# EXERCISE INSTRUCTIONS
The data below should be printed in full, exactly, and without any of its images.

# COLLECTED DATA
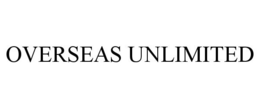 OVERSEAS UNLIMITED trademark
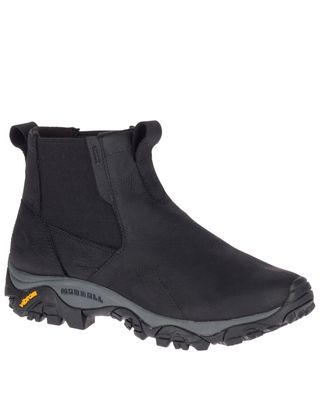 Merrell Men's MOAB Adventure Waterproof Hiking Boots - Soft Toe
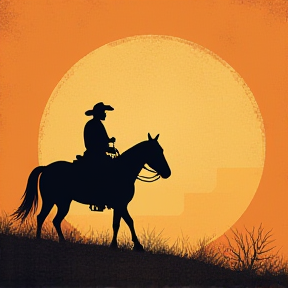 Lonesome Rider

# SOLUTION BELOW
 OVERSEAS UNLIMITED trademark
 Merrell Men's MOAB Adventure Waterproof Hiking Boots - Soft Toe
 Lonesome Rider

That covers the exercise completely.